**EXERCISE INSTRUCTIONS**
How do the lines read from the one holding "Đội ngũ kỹ thuật" through the last line of the listing? Set them down exactly, pictures omitted.

**DATA SEGMENT**
+ + + +
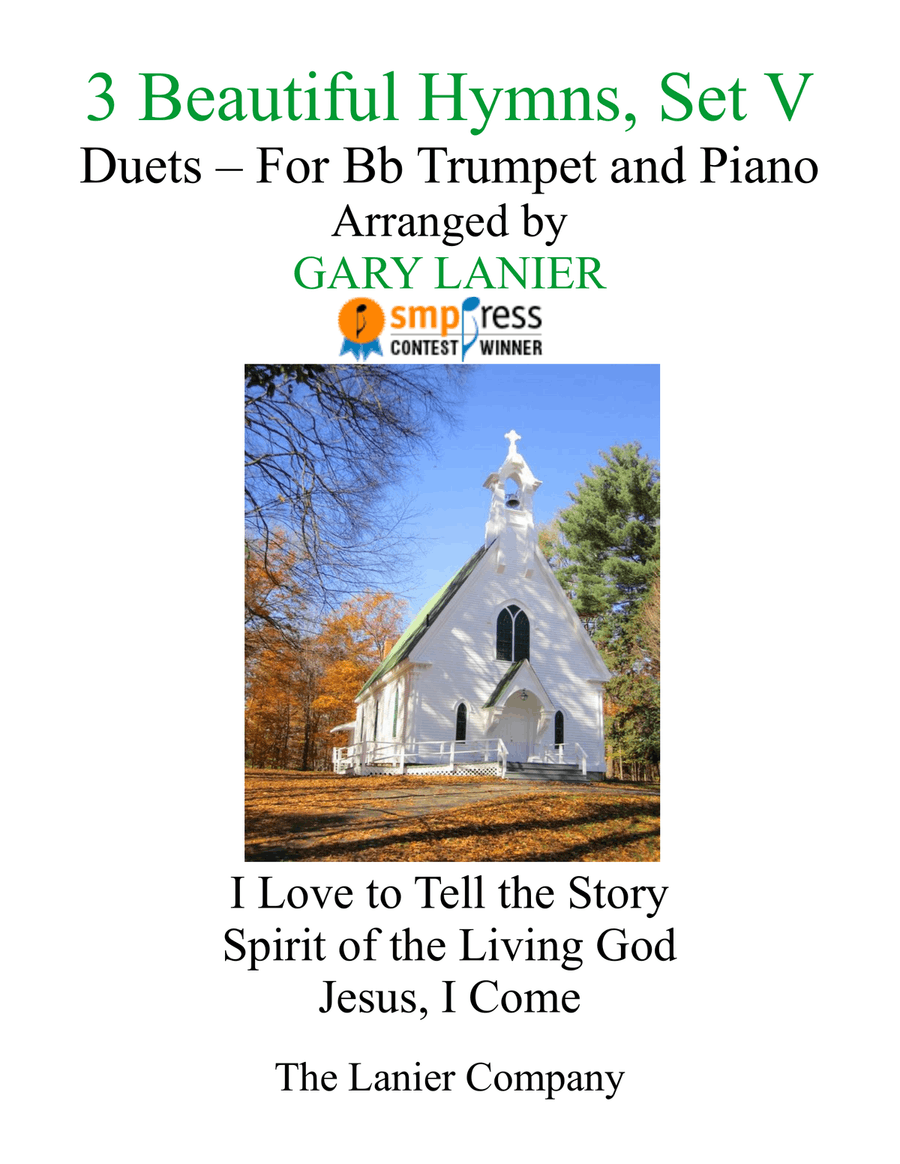 Gary Lanier: 3 BEAUTIFUL HYMNS, Set V (Duets for Bb Trumpet & Piano) Trumpet Duet scores gallery preview page 1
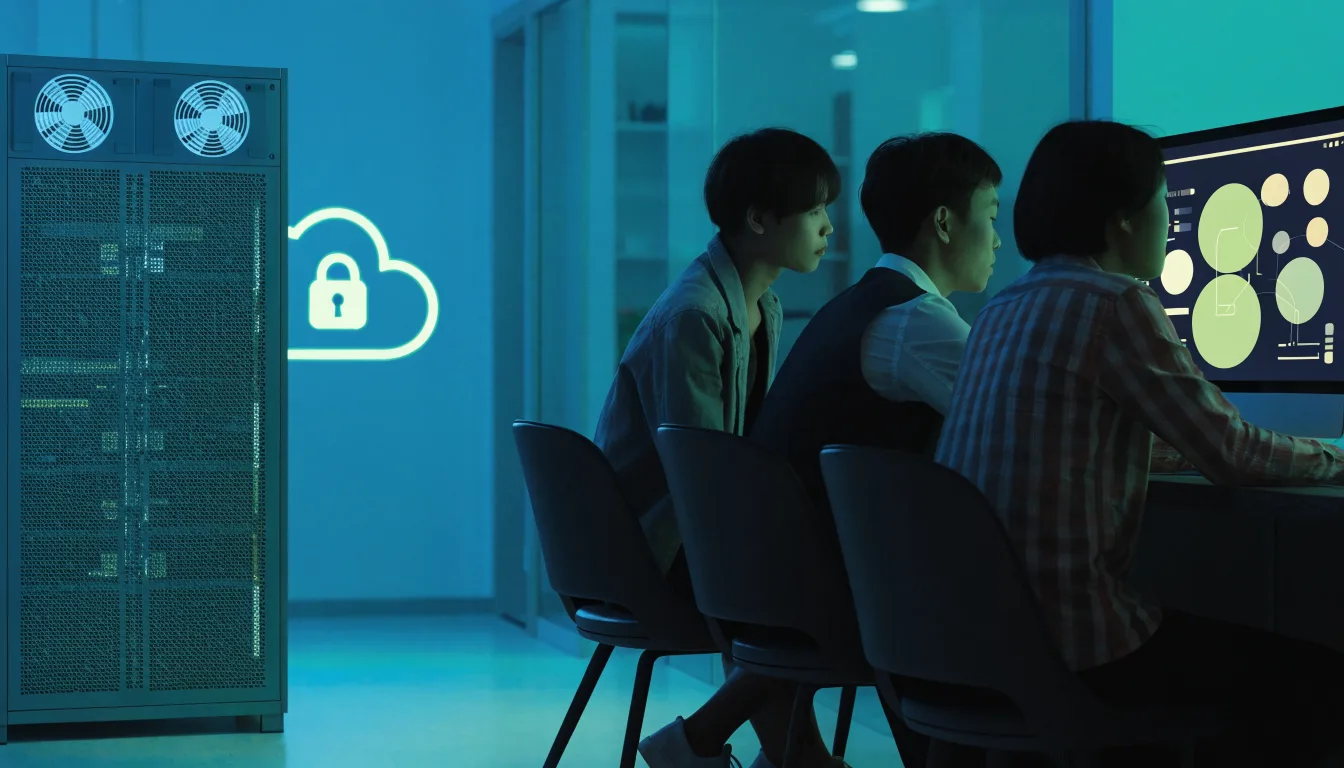 Đội ngũ kỹ thuật kiểm tra hạ tầng website học trực tuyến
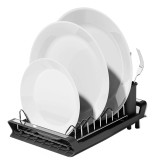 Suport de Vase Extensibil Pufo Simple- Organizator Modern pentru Farfurii, Tacamuri si Pahare in Bucatarie, Negru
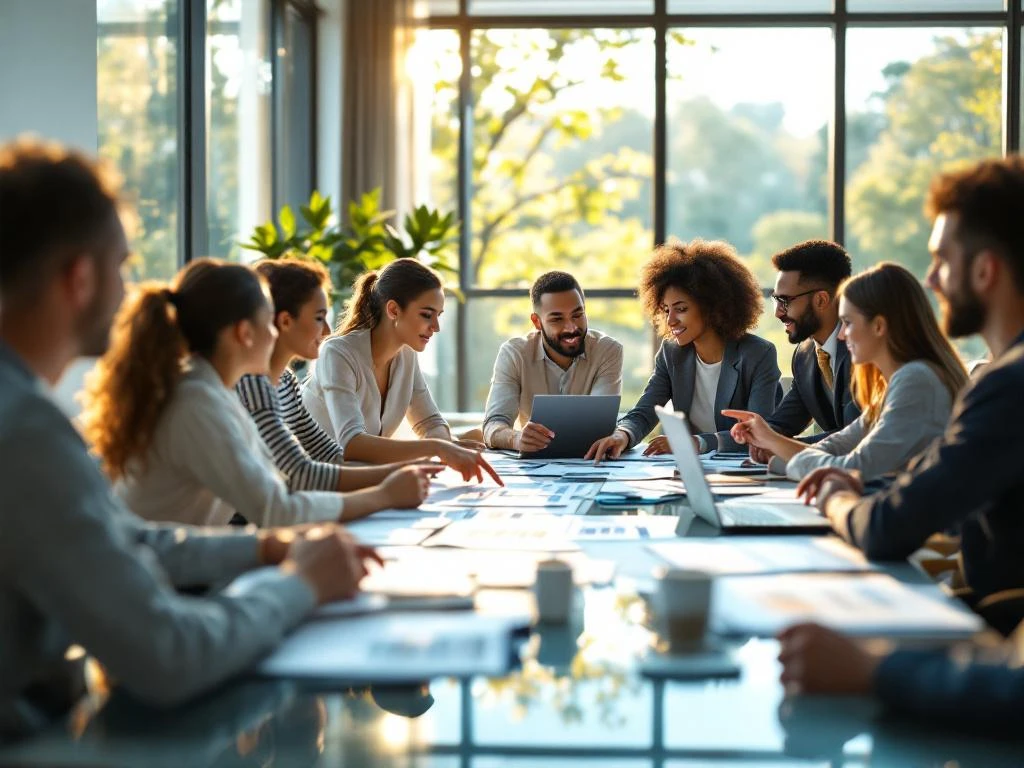 Diverse professionals collaboreren rond moderne vergadertafel met documenten en laptops in lichte kantooromgeving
+ + + +
**EXERCISE RESPONSE**
 Đội ngũ kỹ thuật kiểm tra hạ tầng website học trực tuyến
 Suport de Vase Extensibil Pufo Simple- Organizator Modern pentru Farfurii, Tacamuri si Pahare in Bucatarie, Negru
 Diverse professionals collaboreren rond moderne vergadertafel met documenten en laptops in lichte kantooromgeving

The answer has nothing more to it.